Finland, officially the Republic of Finland (Finnish: Suomi, Suomen tasavalta, Swedish: Republiken Finland), is a Nordic country situated in Northern Europe. It is bordered with Sweden to the west, Russia to the east, Norway to the north while Estonia lies to its south across the Gulf of Finland.
Previously part of Sweden and from 1809 autonomous in the Russian Empire, Finland declared its independence in 1917. Today, Finland is a democratic republic with parliamentarism and a member state of the United Nations and the European Union.

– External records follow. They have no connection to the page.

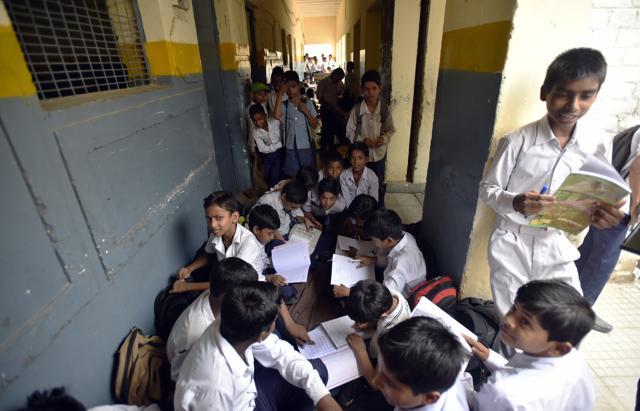 The school has only 32 rooms to fit 5,000 girls in the morning and 3,800 boys in the evening. (Ravi Choudhary/HT Photo) The school has only 32 rooms to fit 5,000 girls in the morning and 3,800 boys in the evening. (Ravi Choudhary/HT Photo)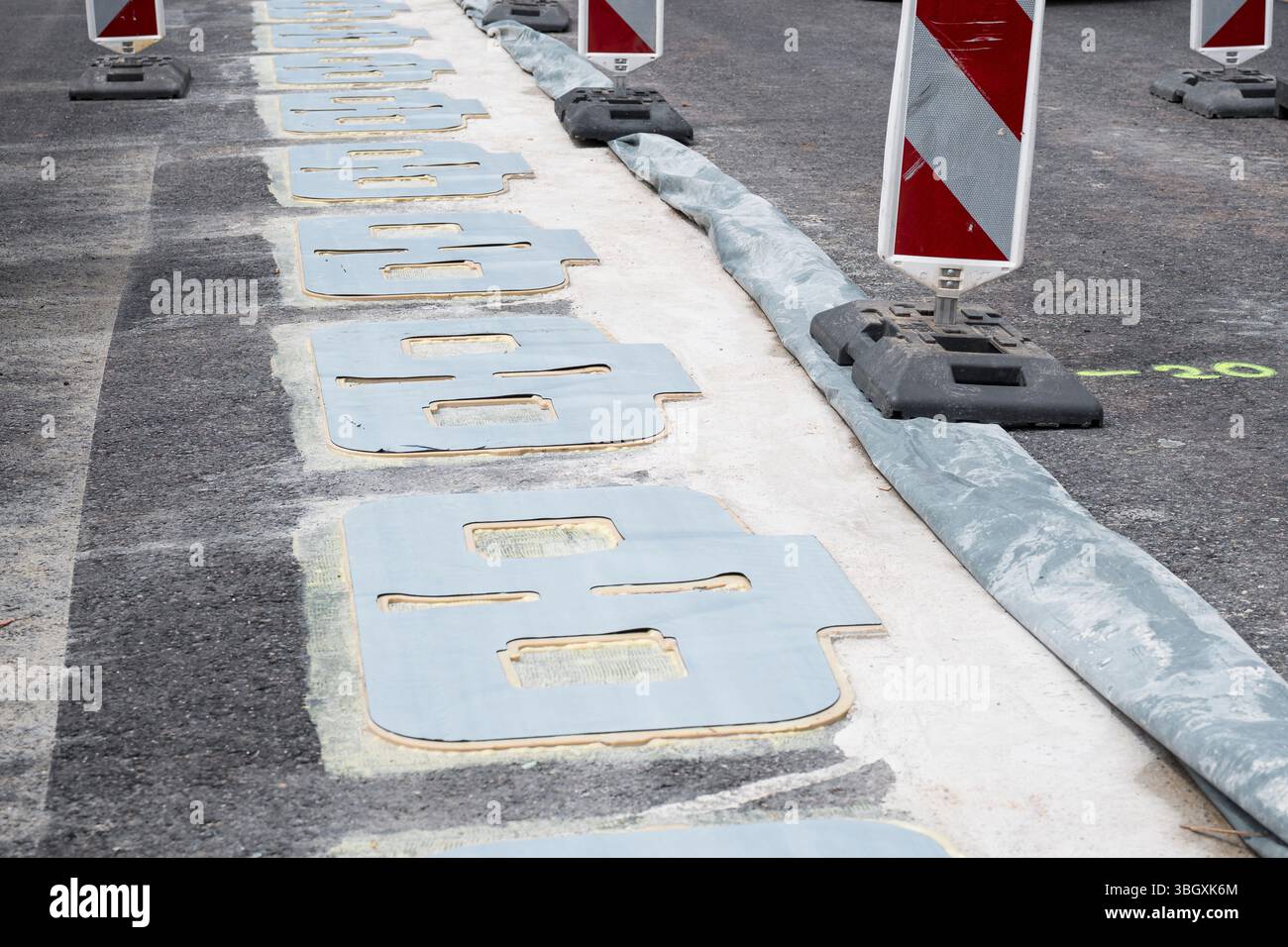 Illschwang, Germania. 6 giugno 2025. I sistemi a bobina per il trasferimento di energia senza contatto ai veicoli durante la guida sono incorporati nell'asfalto dell'A6. Viene utilizzata la tecnologia wireless ERS (Electric Road System) di Electreon. Un progetto pilota pionieristico è in fase di sviluppo in collaborazione con Autobahn GmbH des Bundes e Friedrich-Alexander-Universität Erlangen-Nürnberg: La prima pista di prova tedesca per la ricarica induttiva dei veicoli elettrici fornirà preziose informazioni sulla ricarica durante la guida. Crediti: Daniel Vogl/dpa/Alamy Live News Foto Stock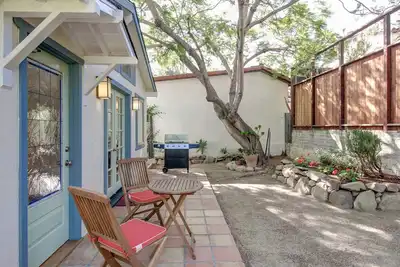 Image de Charming Downtown Studio w/ Secluded Yard - Near State Street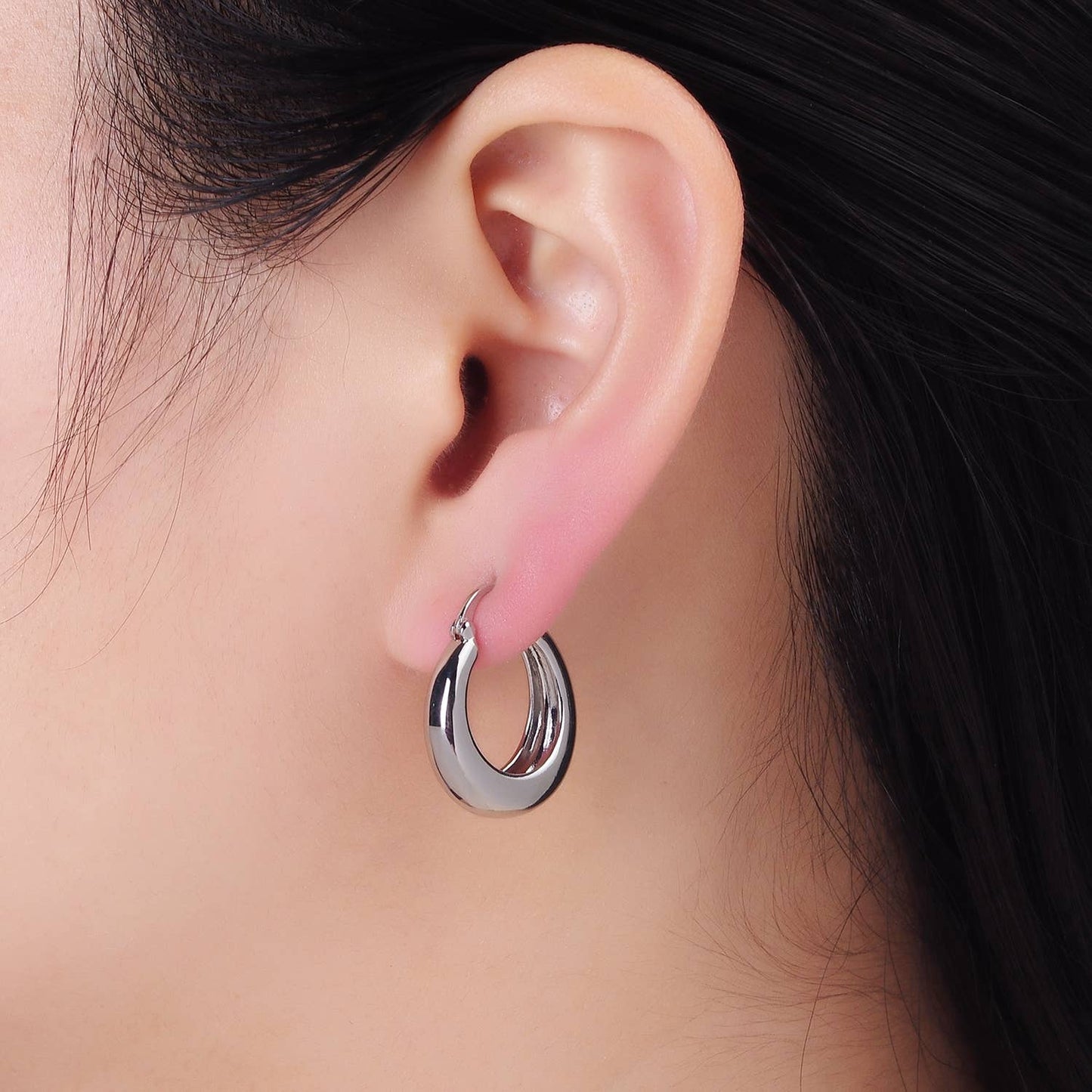 Swan Earring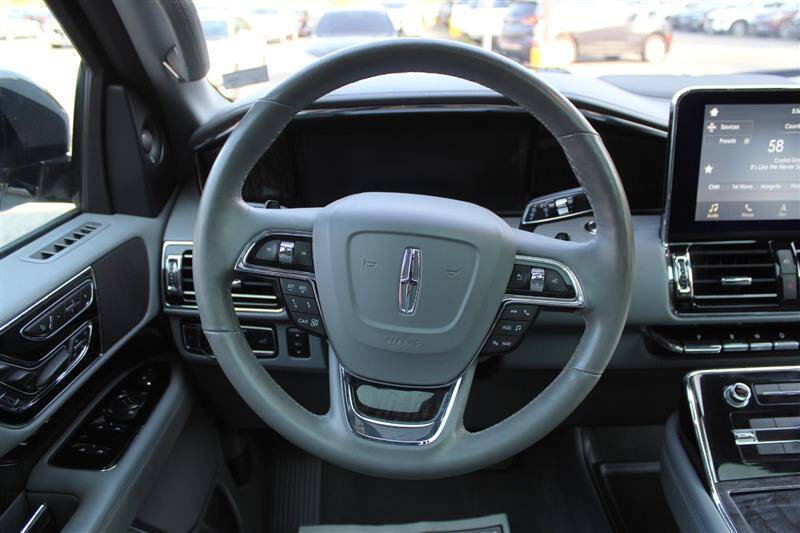 Used 2018 Lincoln Navigator Reserve w/ Technology Package AWD/4WD image 15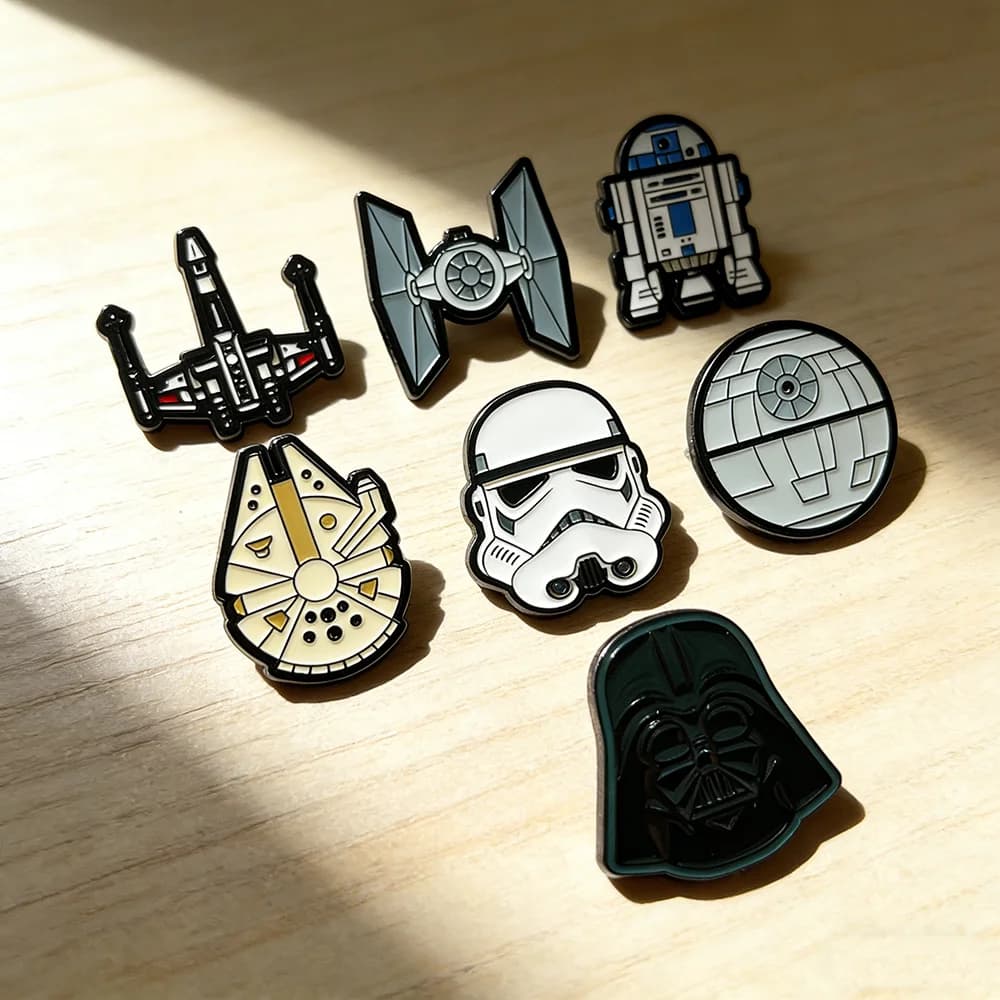 Ensemble de 7 broches Star Wars - Stormtrooper R2-D2 Death Star Millennium Falcon Darth Vader Anime
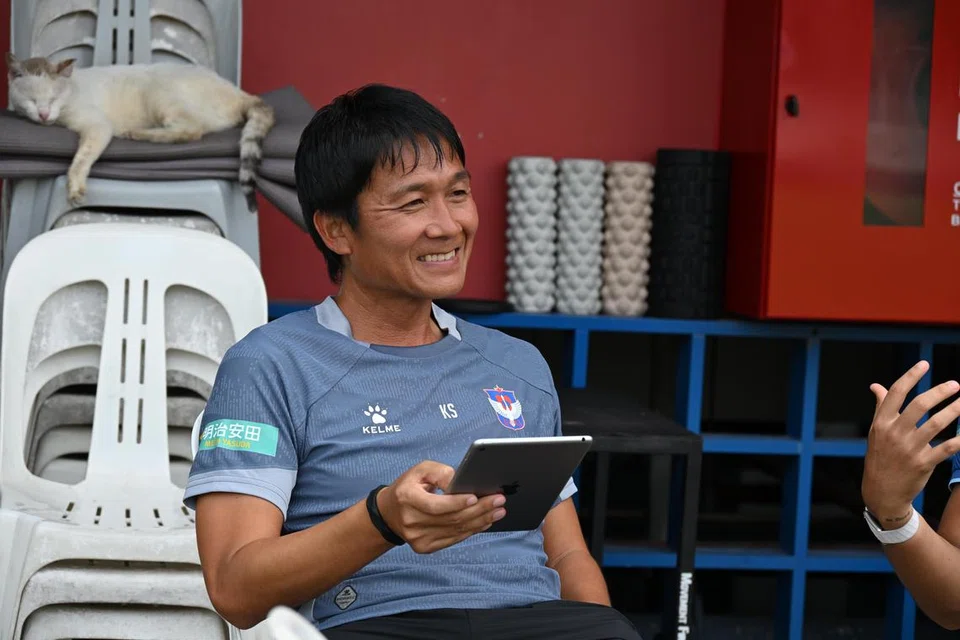 Shigetomi pernah menjadi jurulatih di sekolah bola sepak Sanfrecce Hiroshima di Jepun dan memenangi anugerah jurulatih SPL terbaik pada 2020 sebagai ketua jurulatih Albirex Niigata. Beliau juga memimpin Angsa Putih menjadi juara SPL pada 2020.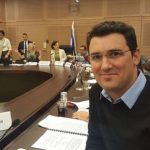 Eitan Ginzburg se convierte en el primer alcalde abiertamente gay de Israel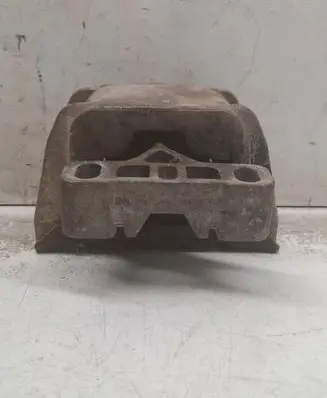 Volkswagen Golf IV Engine mount bracket 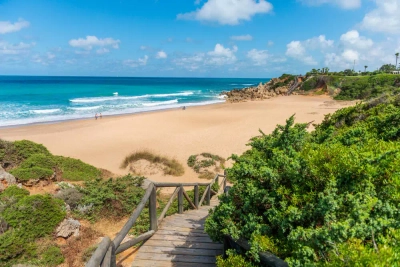 Strand in Conil - andromedicus - © andromedicus / Adobe.com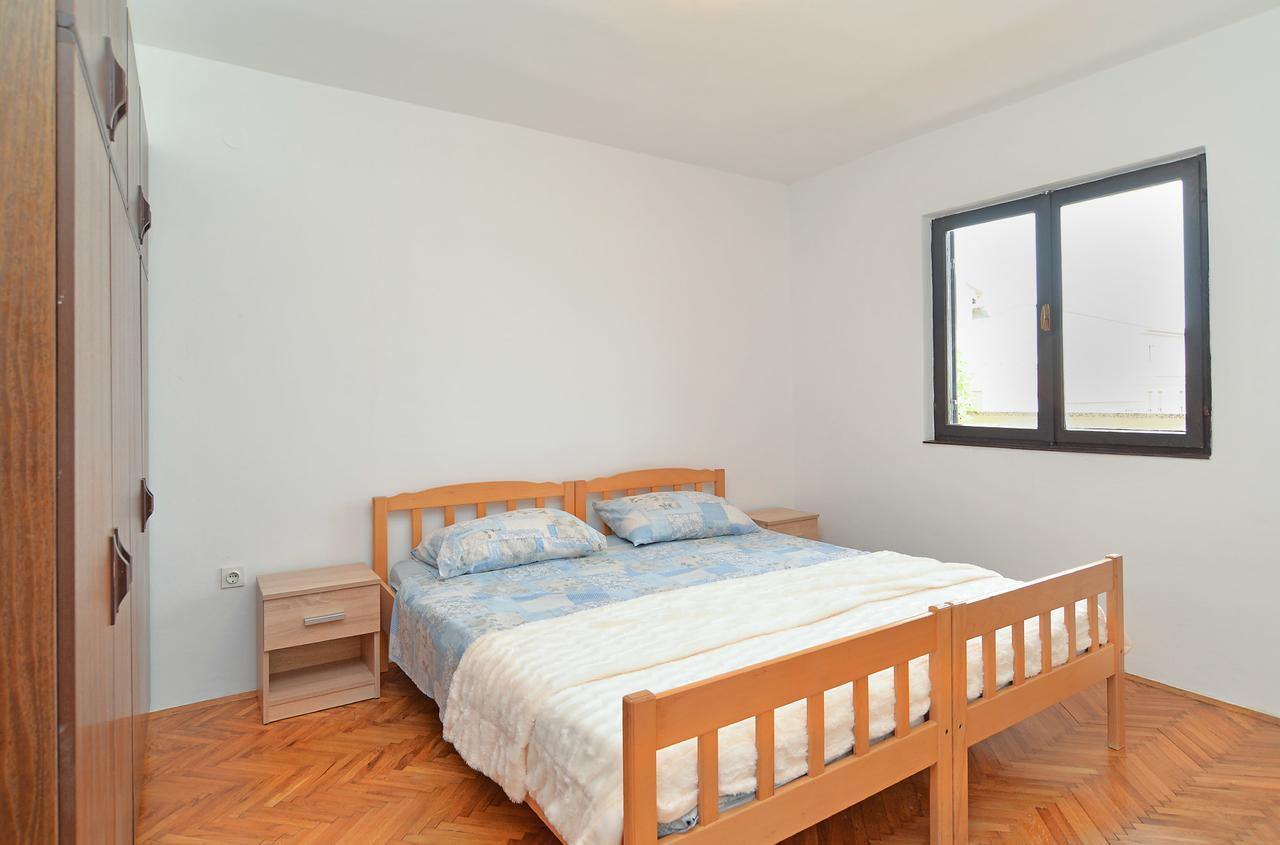 Apartments Dino 1700 ฟาชานา ภายนอก รูปภาพ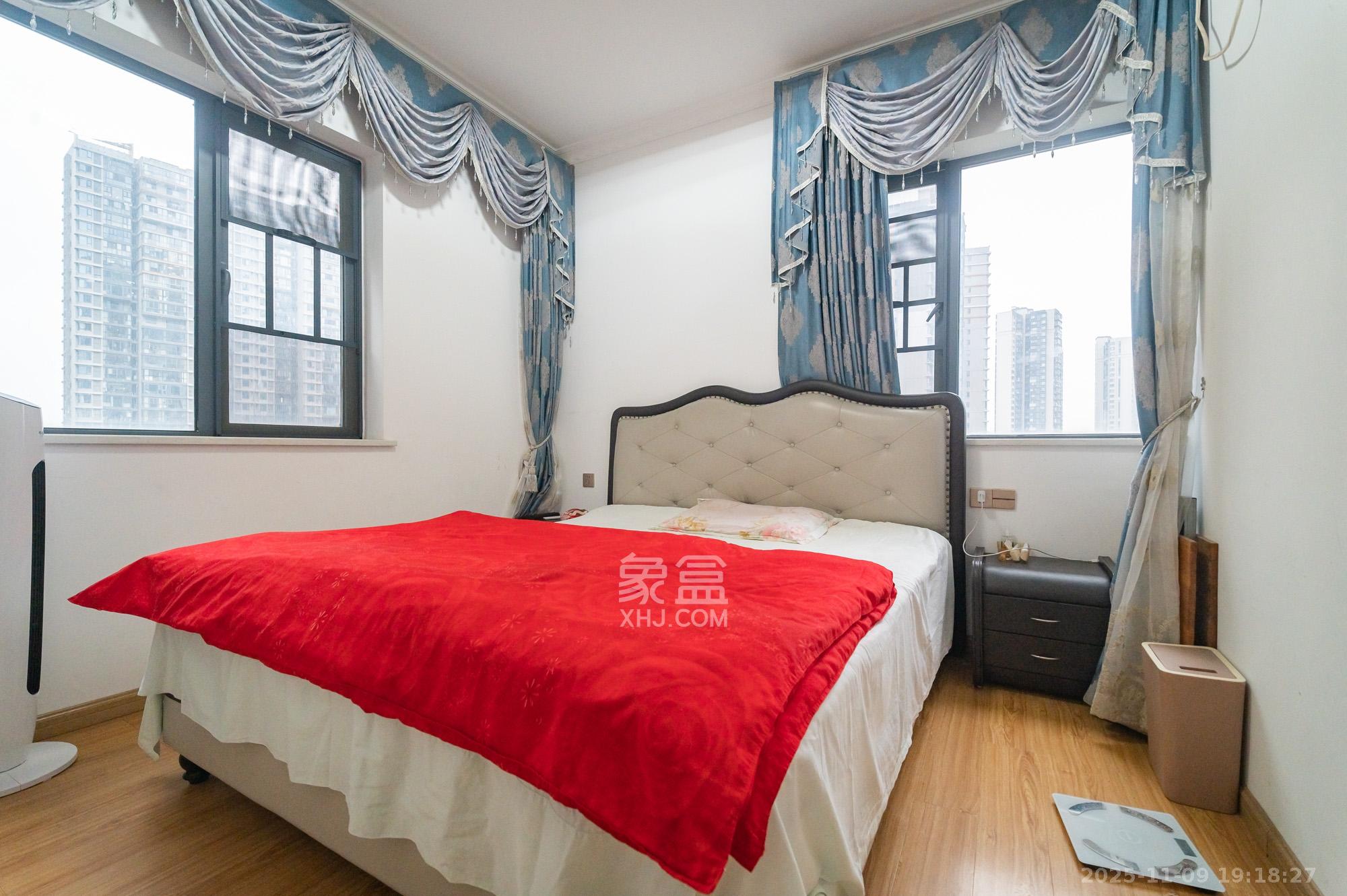 恒基凯旋门三期 3室2厅1卫 79.0万 恒基凯旋门三期 3室2厅1卫 79.0万卧室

Finland has a population of 5,290,157 people spread over 338,145 square kilometres (130,559 square miles) making it the most sparsely populated country in the European Union. As their mother tongue, most Finns speak Finnish, one of the few official languages of the European Union that is not of Indo-European origin, with the second official language Swedish spoken natively by a 5.5 percent minority.
Finland is eleventh on the United Nations' Human Development Index and ranked as the sixth happiest nation in the world. According to the World Audit Democracy profile, Finland is the freest nation in the world, in terms of civil liberties, freedom of the press, low corruption levels and political rights.
Prehistory and Swedish era until 1809
According to archaeological evidence, the area now composing Finland was first settled around 8500 BCE during the Stone Age as the ice shield of the last ice age receded. The earliest people were probably hunter-gatherers, living primarily off what the tundra and sea could offer. Pottery is known from around the 5300 BCE (see Comb Ceramic Culture). Scientists believe it is probable that speakers of a Finno-Ugric language arrived in the area during the Stone Age (see Finno-Ugric peoples), and were possibly even among the first Mesolithic settlers in Europe. The arrival of the Battle Axe culture (or Cord-Ceramic Culture) in southern coastal Finland around 3200 BCE may have coincided with the start of agriculture. However, the earliest certain records of agriculture are from the late third millenium BCE. Hunting and fishing continued to be important parts of the subsistence economy, especially in the northern and eastern parts of the country.
The Bronze Age (1500-500 BCE) and Iron Age (500 BCE-1200 CE) were characterised by extensive contacts with other cultures in the Fennoscandian and the Baltic region. The first verifiable written documents appeared in the twelfth century.
Sweden secured its hold of Finland in the 13th century. Swedish became the dominant language of administration and education; Finnish was chiefly a language for the peasantry, clergy and local courts in predominantly Finnish-speaking areas. The nobility was Swedish and small coastal towns were predominantly German. The Bishop of Turku was the most important person in Finland during the Catholic era. Finland was then called "?sterland".
The Middle Ages ended with the Reformation when the Finns converted to Lutheranism. In the 16th century, Mikael Agricola published the first written works in Finnish. The first university in Finland, The Royal Academy of Turku, was established in 1640. In the 18th century, wars between Sweden and Russia led to occupation of Finland twice by Russian forces, known to the Finns as the Greater Wrath (1714?1721) and the Lesser Wrath (1742?1743). By this time "Finland" was the predominant term for the whole area from the Gulf of Bothnia to the Russian border.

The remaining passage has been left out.